До дивизии, которую мы с Сурковым искали, мы добрались под вечер. Было абсолютно тихо. Так тихо, что, хотя до Днепра еще было далеко, все-таки мгновениями было слышно, как там бьет тяжелая артиллерия.
Дивизия стояла на отдыхе. Сейчас в ней оставалось — в строю две с половиной тысячи человек. Но подполковник армянин, который командовал ею сейчас, потому что командир еще был где-то в окружении, спокойно сказал нам, что через два-три дня у него будет восемь тысяч человек.

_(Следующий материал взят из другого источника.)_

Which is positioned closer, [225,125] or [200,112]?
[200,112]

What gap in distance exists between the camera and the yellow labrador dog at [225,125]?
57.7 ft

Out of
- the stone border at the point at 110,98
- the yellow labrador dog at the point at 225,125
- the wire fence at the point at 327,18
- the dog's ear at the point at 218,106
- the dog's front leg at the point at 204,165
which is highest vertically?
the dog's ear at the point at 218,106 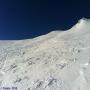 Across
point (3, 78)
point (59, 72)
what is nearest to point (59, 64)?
point (59, 72)

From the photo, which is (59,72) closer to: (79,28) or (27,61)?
(27,61)

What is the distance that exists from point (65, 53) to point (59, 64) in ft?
8.48

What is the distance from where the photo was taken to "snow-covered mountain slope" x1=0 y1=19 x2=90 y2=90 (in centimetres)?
1795

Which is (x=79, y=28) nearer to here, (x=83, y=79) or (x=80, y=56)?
(x=80, y=56)

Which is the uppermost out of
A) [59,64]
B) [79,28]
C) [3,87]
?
[79,28]

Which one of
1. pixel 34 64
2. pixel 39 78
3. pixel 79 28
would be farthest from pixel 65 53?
pixel 79 28

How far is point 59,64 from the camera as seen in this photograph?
835 inches

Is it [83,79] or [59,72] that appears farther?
[59,72]

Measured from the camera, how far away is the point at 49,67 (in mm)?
21266

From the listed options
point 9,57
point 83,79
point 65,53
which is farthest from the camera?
point 9,57

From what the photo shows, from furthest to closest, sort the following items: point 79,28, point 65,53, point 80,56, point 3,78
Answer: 1. point 79,28
2. point 65,53
3. point 80,56
4. point 3,78

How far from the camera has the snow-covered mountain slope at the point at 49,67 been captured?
1795 centimetres

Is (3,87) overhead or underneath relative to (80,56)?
underneath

Когда я спросил его, из чего складывается такая арифметика, он ответил, что три тысячи мобилизованных уже собраны в окрестных деревнях, а три тысячи наверняка еще подойдут за эти дни из окружения.
Он говорил об этом так уверенно, словно речь шла о лыжном переходе, когда одни участники уже пришли на финиш, а другие еще в пути. Тогда мне это показалось странным, но потом — и очень скоро — я понял, что он был прав. В окружении оставались пушки, танки, пулеметы, а люди выходили оттуда. Они просачивались через немецкие моточасти, как вода через гребенку. Окружение танками в этих густых минских и смоленских лесах было в большей степени окружением материальной части, чем окружением людей. И люди каждый день проходили через густые леса тысячами. Некоторые из них — ни разу не встретившись с немцами.

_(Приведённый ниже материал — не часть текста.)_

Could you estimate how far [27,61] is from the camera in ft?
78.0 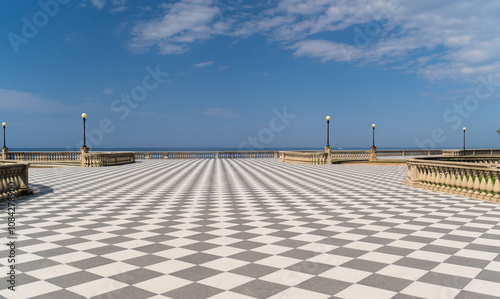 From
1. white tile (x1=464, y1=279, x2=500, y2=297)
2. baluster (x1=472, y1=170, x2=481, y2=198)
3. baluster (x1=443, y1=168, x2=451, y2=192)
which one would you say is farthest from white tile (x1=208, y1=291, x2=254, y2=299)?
baluster (x1=443, y1=168, x2=451, y2=192)

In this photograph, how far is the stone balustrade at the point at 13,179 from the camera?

Из штаба дивизии мы поехали в полк уже на следующее утро. На опушке леса нас встретил только что назначенный командир полка, молодой капитан. Совсем молодой, обаятельный парень.
У него в полку оставалось всего двести человек. Но, несмотря на это, чувствовался полный порядок и дисциплина. Он и его начальник штаба подробно рассказывали нам о тяжелых боях, с которыми дивизия отходила от границы, о том, как жестоко и кровопролитно дрался их полк, — словом, рассказывали все то, о чем я потом, вернувшись из поездки, написал в своей статье «Части прикрытия». Она случайно не была тогда напечатана, а я и до сегодняшнего дня считаю ее единственным, хоть сколько-нибудь приближающимся к объяснению правды тех дней описанием первых боев.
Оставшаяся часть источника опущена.